Over 8,000 protected areas are gazetted in Africa. But most of these are too small or degraded to effectively safeguard globally significant ecosystem services and ensure ecological resilience to a changing climate.
In light of this, African Parks conducted an analysis in 2020 on Africa’s protected area network. Considering the size of the areas, the intactness of habitat and the strength of their legislation, 161 protected areas were identified as “anchor areas” that harbour significant biodiversity, sequester carbon, deliver clean air and water, and provide food security for people.
While these 161 anchor areas represent a small percentage of the total number of protected areas, they constitute nearly a quarter of the protected surface area in Africa. They also represent 85% of Africa’s ecoregions and their unique biodiversity. If these areas are effectively managed, they can become the foundation for the protection and restoration efforts in the broader landscape, providing functioning ecosystem services and stability from which communities can benefit. This holistic approach, focused on these “anchor areas”, could form the backbone of Africa’s strategy by setting aside up to 15% of the continent for nature and creating climate resilience for some of the most exposed communities on Earth.

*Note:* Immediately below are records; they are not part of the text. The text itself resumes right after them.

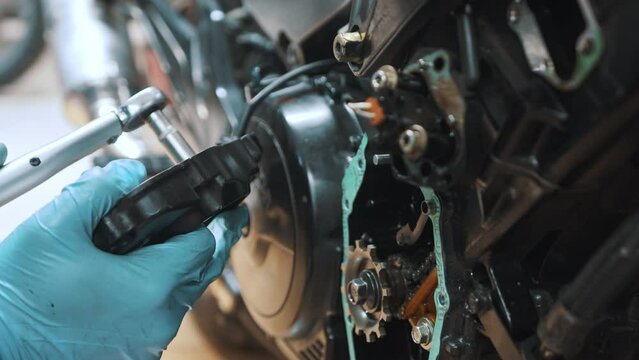 Tightening screws on the motorcycle transmission box. High quality 4k footage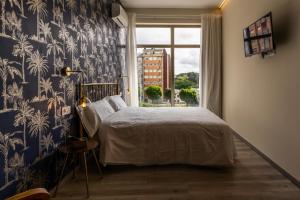a bedroom with a bed with blue and white wallpaper at Four Rooms Hostel in Lugo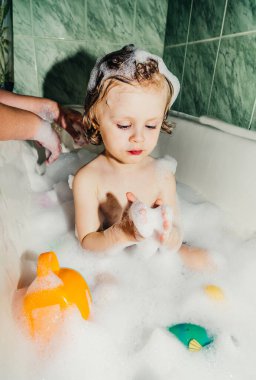 Güzel çocuk çocuk banyo oyunlarında yıkanır sabun köpükleri ve köpüklerle eğlenir.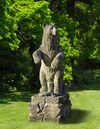 A SCULPTED LIMESTONE MODEL OF A GRIZZLY BEAR OF RECENT MANUFACTURE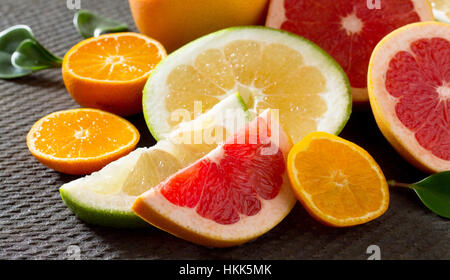 Citrus fruit collection of sliced grapefruits and tangerines on a stone gray background. Fruits background food. Healthy eating and diet. Stock Photo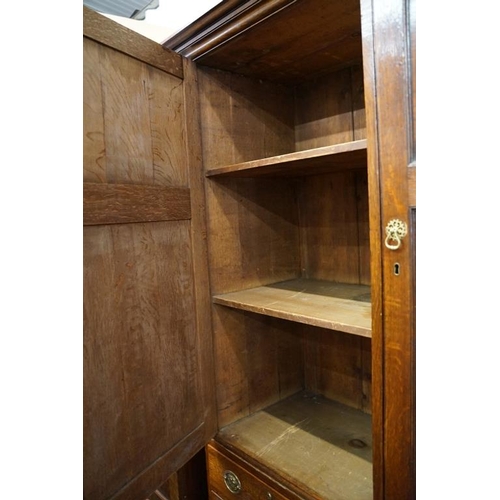 652 - Early 19th century Oak House-keeper’s Cupboard, the upper section with three panel doors opening to ... 
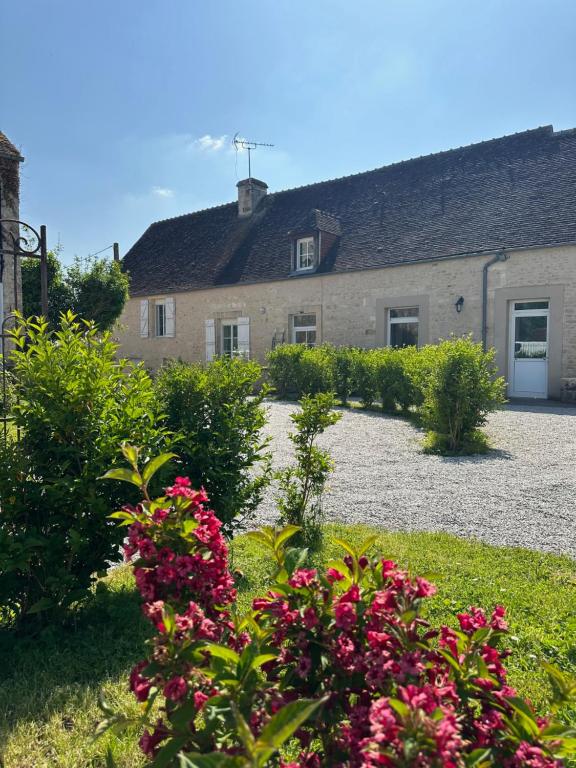 a garden with pink flowers in front of a building at La Maison de Charme, grand jardin, proche Argentan, idéale Amis et Familles in Sévigny
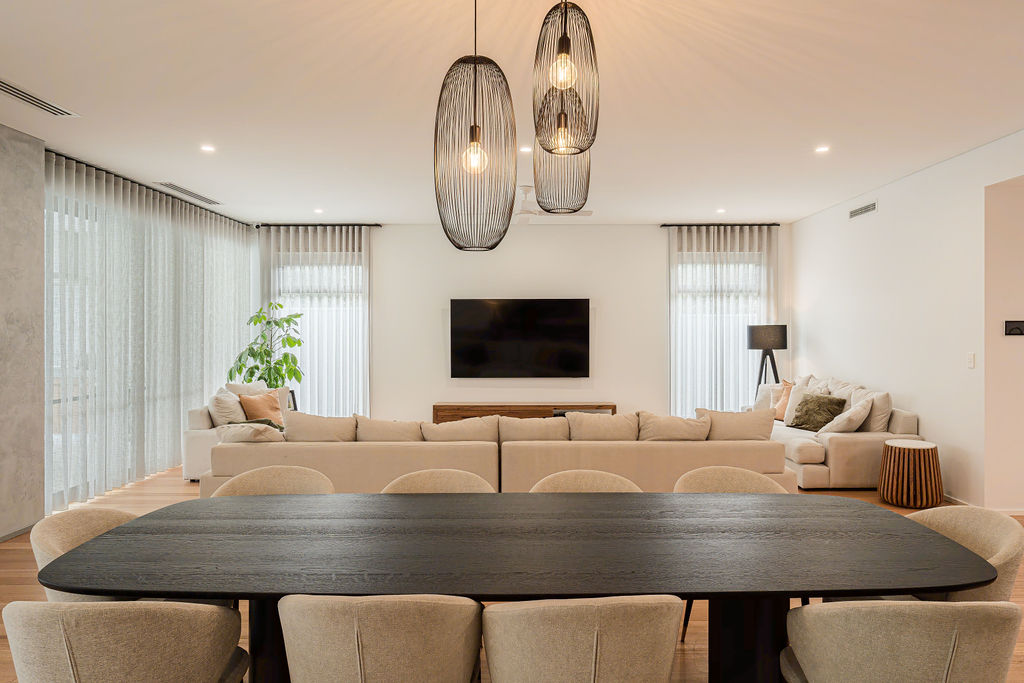 Dining table with cage pendant lights and open plan lounge in Attadale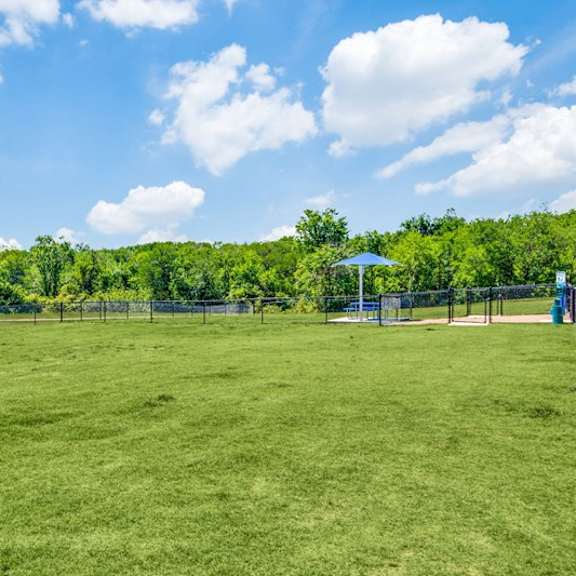 a large outdoor dog park here at harmony luxury with a fenced grassy area, open space for play, shaded seating, and surrounding trees, offering a comfortable and pet-friendly environment for exercise and relaxation.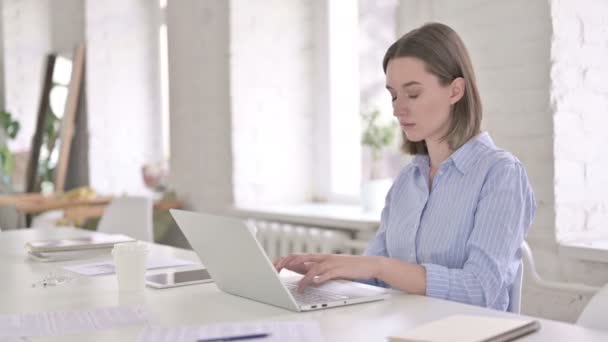 Больная женщина работает над ноутбуком и кашлем в современном офисе — стоковое видео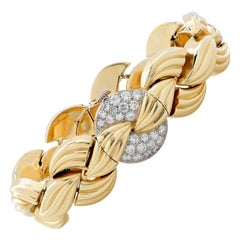 Van Cleef & Arpels Orologio da polso con quadrante nascosto e diamanti in oro giallo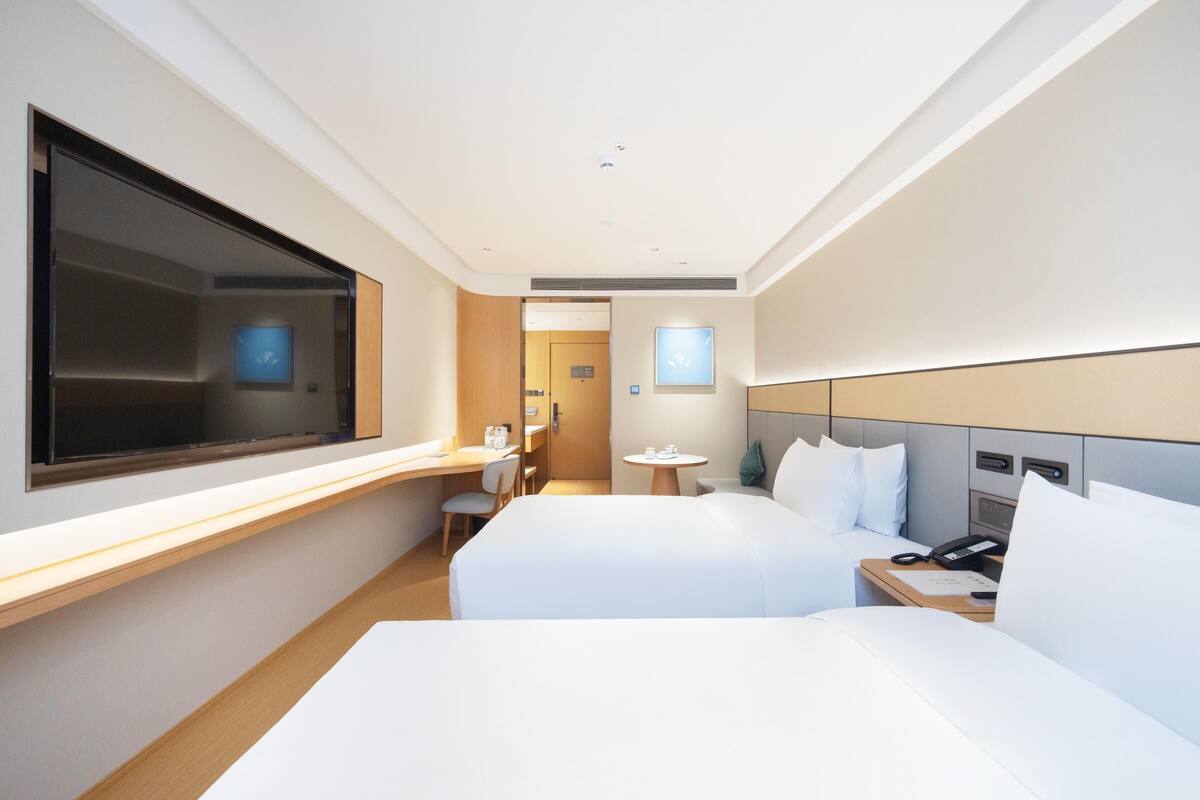 Une chambre d’hôtel moderne équipée de deux lits, d’un bureau, d’une chaise, d’une petite table ronde et d’un téléviseur.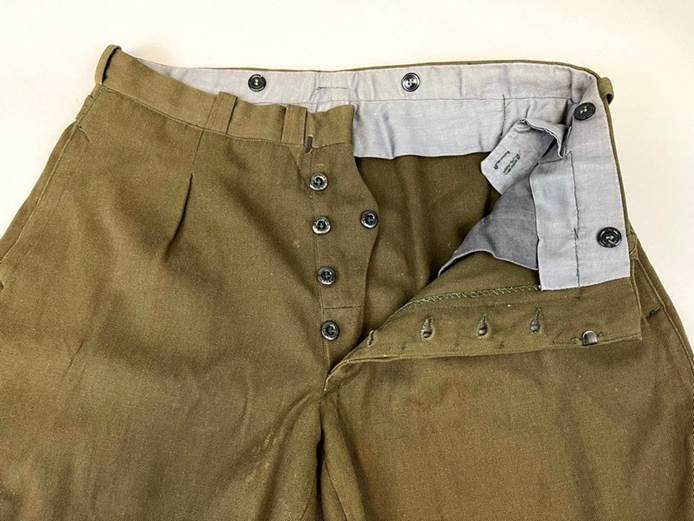 A pair of pants with buttons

In the African Parks analysis, it was assessed that only 40% of the 161 protected areas are adequately resourced and managed for long-term sustainability. The remaining areas require urgent attention to eliminate the biodiversity threats they face such as habitat degradation and species loss. A task which can be achieved when there is commitment from local governments, communities and global partners.
Effective management and financial assistance to protect biodiversity is a shared responsibility of governments, local communities, management organisations, donor organisations and the private sector. For this joint responsibility to be successful, it is crucial there is clear and collective accountability for results on the ground.
As a global community, we have drawn on the natural capital of the world, greatly impairing its ability to support life on Earth. Our problems have escalated and thus our solutions need to be escalated. While creating a stable and predictable climate may not be within our reach in this lifetime, we need to substantially address the root cause of the problem: inadequate protection of existing natural systems, while ensuring socio-economic stability to give the most vulnerable communities of the world the resilience to survive this critical period in our planet’s history.
Statement by Peter Fearnhead, the CEO, African Parks.